Les plus fortes populations rurales du monde vivent dans des jardins multiétagés où les interactions positives entre élevage-culture et arbres, sont poussées à l'extrême. En Afrique, il reste beaucoup à faire pour intensifier l'élevage et gérer les arbres pour réduire leur concurrence avec les cultures traditionnelles.

La GCES, une stratégie d'action

Cet essai de synthèse des recherches sur les processus d'érosion et les méthodes de lutte antiérosive développées ces quarante dernières années, en particulier en Afrique francophone, nous ont amené à définir de nouveaux axes de recherche et de nouvelles orientations pour le développement rural.

DE NOUVEAUX AXES DE RECHERCHE

- Etude du fonctionnement, de la dynamique, des causes de déclin et des possibilités d'amélioration des stratégies traditionnelles de gestion de l'eau, des sols et de leur fertilité.

- Etude de la faisabilité, de l'acceptabilité, de l'efficacité et de la rentablité des méthodes de lutte antiérosive.

- Etude du coût de l'érosion et de la lutte antiérosive à la parcelle et sur l'ensemble du bassin versant.

- Adaptation régionale des modes de gestion de l'eau, des nutriments et de la biomasse.

- Mise au point des méthodes de dissipation de l'énergie du ruissellement sur les pentes.

- Aspects socio-économiques de l'érosion et sensibilisation paysanne aux problèmes de dégradation de l'environnement.

- Dégradation et surtout, restauration de la productivité des terres: rôles de l'élevage, des arbres, des micro-organismes (fumier) et des compléments minéraux.

- Modélisation des risques de ruissellement, du drainage, de l'érosion, mais aussi optimisation de l'utilisation des terres en fonction des contraintes des systèmes de production et de la taille des exploitations.

DE NOUVELLES ORIENTATIONS POUR LE DEVELOPPEMENT RURAL

Puisque la participation paysanne est indispensable pour la pérennité des aménagements, il faut tenir compte des priorités paysannes et rechercher avec eux les moyens d'augmenter la productivité des terres et de valoriser le travail.
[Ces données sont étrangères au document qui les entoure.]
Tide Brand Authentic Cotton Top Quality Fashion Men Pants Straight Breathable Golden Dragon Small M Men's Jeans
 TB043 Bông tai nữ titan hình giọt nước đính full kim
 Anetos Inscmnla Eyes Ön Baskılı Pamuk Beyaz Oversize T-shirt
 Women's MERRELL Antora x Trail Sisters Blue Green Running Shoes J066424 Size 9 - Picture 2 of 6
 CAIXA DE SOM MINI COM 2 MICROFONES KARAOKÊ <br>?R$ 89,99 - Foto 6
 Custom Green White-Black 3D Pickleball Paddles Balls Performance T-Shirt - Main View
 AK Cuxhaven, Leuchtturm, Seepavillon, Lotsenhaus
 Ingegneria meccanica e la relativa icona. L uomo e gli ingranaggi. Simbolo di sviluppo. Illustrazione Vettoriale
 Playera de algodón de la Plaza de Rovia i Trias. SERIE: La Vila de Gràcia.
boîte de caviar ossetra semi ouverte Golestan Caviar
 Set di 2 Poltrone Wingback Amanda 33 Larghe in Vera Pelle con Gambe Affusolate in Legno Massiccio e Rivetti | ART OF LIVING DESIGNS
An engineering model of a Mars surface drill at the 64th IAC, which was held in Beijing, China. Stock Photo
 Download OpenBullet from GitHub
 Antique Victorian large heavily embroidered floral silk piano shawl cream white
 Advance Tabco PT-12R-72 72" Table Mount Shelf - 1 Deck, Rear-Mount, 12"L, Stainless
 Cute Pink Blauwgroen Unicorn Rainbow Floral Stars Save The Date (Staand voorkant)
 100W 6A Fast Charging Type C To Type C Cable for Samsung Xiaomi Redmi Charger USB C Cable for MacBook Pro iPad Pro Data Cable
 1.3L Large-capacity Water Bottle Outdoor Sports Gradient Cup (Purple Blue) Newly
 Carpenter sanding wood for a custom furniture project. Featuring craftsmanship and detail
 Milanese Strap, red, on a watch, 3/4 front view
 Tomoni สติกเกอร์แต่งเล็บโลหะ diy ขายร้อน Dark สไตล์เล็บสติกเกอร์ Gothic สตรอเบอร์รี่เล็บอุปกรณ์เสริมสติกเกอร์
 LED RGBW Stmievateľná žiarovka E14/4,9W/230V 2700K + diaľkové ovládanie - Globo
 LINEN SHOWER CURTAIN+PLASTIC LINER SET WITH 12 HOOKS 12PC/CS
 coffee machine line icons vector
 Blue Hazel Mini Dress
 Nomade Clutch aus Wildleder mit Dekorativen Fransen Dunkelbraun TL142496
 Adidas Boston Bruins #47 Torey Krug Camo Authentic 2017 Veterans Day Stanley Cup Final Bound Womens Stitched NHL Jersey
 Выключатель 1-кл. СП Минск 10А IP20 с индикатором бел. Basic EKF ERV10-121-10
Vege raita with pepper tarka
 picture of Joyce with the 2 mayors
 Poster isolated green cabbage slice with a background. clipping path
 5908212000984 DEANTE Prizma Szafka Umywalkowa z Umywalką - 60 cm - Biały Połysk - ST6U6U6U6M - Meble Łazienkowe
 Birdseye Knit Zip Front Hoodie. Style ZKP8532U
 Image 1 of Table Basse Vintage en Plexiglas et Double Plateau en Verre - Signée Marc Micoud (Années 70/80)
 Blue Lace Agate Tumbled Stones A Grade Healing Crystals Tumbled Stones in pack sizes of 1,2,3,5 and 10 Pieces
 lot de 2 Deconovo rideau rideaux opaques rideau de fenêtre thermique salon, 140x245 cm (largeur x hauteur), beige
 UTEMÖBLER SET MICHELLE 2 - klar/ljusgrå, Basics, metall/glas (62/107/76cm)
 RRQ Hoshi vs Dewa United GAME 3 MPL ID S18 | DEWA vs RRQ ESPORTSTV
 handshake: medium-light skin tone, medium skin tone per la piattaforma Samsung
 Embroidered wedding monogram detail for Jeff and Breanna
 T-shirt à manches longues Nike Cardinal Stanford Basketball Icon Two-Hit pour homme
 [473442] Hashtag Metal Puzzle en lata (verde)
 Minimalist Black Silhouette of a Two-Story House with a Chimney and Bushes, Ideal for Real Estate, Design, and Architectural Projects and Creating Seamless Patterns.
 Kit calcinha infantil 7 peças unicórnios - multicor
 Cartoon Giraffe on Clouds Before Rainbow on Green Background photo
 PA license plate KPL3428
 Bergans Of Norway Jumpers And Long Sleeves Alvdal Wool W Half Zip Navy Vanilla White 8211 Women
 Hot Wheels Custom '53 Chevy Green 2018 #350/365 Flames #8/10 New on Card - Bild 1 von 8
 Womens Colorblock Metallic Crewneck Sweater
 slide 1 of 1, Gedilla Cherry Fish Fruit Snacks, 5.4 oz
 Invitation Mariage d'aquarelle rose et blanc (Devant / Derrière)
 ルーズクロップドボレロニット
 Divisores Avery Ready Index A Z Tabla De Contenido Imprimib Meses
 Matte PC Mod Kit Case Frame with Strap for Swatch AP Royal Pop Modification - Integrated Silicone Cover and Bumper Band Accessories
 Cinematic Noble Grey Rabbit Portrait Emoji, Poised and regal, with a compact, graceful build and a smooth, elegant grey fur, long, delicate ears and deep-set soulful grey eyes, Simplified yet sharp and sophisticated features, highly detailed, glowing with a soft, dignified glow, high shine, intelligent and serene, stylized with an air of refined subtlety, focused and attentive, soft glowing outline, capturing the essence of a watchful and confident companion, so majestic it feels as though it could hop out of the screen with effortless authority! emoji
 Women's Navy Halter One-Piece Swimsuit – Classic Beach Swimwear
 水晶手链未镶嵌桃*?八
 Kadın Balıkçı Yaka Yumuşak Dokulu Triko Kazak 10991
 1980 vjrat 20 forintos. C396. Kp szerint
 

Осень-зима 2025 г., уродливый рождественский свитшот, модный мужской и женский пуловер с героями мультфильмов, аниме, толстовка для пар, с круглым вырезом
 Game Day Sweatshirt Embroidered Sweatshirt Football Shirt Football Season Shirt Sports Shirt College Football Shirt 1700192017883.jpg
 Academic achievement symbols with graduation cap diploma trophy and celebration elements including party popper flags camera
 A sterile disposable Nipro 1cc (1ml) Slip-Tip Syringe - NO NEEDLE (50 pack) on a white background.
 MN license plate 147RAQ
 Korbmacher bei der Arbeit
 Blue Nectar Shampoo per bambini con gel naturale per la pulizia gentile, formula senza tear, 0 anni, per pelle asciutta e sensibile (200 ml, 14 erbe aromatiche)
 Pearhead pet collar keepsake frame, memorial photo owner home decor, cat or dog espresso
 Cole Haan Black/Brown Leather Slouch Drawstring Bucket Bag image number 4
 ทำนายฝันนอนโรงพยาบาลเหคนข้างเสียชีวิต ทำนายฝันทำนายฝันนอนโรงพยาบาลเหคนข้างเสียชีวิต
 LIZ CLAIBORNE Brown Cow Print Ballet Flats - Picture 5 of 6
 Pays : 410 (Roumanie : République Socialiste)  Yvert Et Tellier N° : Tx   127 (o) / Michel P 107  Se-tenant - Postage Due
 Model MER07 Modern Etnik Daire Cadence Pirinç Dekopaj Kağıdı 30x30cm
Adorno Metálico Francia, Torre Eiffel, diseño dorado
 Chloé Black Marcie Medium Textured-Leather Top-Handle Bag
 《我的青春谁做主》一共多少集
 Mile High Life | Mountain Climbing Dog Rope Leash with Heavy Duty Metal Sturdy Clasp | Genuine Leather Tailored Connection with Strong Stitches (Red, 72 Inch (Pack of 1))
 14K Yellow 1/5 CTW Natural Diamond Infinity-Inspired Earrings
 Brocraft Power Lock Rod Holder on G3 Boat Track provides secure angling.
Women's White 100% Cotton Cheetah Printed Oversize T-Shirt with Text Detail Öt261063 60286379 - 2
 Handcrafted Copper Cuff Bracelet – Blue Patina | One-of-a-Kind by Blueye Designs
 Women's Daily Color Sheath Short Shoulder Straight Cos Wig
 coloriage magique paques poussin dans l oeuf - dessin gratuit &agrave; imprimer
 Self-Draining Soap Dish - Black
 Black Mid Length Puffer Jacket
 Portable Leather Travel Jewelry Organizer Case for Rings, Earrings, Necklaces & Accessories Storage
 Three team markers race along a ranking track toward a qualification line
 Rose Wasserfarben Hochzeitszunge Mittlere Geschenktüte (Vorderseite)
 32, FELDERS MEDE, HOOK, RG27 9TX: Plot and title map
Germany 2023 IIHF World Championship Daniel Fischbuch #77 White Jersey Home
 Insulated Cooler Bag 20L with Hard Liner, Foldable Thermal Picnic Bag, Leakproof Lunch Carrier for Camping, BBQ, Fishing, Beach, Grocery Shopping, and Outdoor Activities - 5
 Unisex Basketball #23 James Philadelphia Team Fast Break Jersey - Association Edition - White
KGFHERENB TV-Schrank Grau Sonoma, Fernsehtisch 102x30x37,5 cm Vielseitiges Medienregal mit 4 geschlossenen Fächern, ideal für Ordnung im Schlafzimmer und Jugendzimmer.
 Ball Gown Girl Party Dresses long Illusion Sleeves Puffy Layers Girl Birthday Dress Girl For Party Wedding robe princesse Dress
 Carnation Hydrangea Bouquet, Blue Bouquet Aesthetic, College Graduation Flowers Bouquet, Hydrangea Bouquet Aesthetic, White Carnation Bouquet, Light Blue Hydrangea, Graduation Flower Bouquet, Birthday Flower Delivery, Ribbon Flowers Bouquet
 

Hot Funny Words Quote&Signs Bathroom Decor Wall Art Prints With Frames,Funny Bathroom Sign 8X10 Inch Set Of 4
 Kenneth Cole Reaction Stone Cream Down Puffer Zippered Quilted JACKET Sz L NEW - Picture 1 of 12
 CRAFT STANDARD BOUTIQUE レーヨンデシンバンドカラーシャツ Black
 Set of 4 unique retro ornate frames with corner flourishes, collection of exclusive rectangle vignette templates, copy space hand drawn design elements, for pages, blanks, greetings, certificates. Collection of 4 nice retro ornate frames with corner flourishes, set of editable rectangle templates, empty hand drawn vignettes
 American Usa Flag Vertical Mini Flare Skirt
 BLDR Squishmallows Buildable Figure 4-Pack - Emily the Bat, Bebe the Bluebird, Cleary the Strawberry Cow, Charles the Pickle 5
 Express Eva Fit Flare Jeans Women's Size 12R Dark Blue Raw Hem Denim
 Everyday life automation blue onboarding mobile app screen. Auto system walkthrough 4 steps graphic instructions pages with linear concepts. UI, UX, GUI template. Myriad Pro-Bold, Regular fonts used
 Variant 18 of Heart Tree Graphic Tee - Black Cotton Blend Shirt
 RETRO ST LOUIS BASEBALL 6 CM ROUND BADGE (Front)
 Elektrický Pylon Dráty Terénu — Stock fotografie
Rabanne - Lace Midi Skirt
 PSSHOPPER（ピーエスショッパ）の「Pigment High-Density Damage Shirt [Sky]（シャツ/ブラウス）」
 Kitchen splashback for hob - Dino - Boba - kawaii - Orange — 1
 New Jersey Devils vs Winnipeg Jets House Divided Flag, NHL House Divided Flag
La lutte antiérosive ne doit plus être présentée comme l'objectif prioritaire, mais comme une partie d'un paquet technologique visant à améliorer à la fois la gestion de l'eau, de la biomasse et des nutriments:

- Améliorer progressivement les techniques existantes en évitant d'augmenter les dépendances d'apports extérieurs au village (intrants, technologies ...).

- Intégrer de nouveaux éléments dans les systèmes de culture (agroforesterie, cultures associées, jachères dérobées de légumineuses, rotations accélérées, irrigation et fumure d'appoint).

- Promouvoir les structures antiérosives les moins coûteuses et les plus productives possibles.

- Prendre en compte les études du marché et l'état du réseau routier pour valoriser les productions.

- Mettre au point des techniques de drainage des routes et des versants sur lesquels elles s'appuient.

- Adapter la lutte antiérosive au régime foncier.

Les perspectives esquissées dans ce volume en matière de recherche et de développement rural appellent les différents acteurs à travailler de concert. Ces actions se conçoivent dans une cadre de coopération étroite entre institutions nationales, ONG, agences de développement et utilisateurs de la terre. Le rôle des institutions nationales doit notamment évoluer de celui d'exécutant à celui de promoteur. Le programme idéal met en scène les utilisateurs de la terre, pour planifier et mettre en oeuvre leurs propres solutions. A cet fin, les institutions nationales doivent être tenus pour responsables de la prise de conscience en matière de dégradation des terres, et les utilisateurs de la terre doivent être aidés dans l'émergence de leurs propres organisations.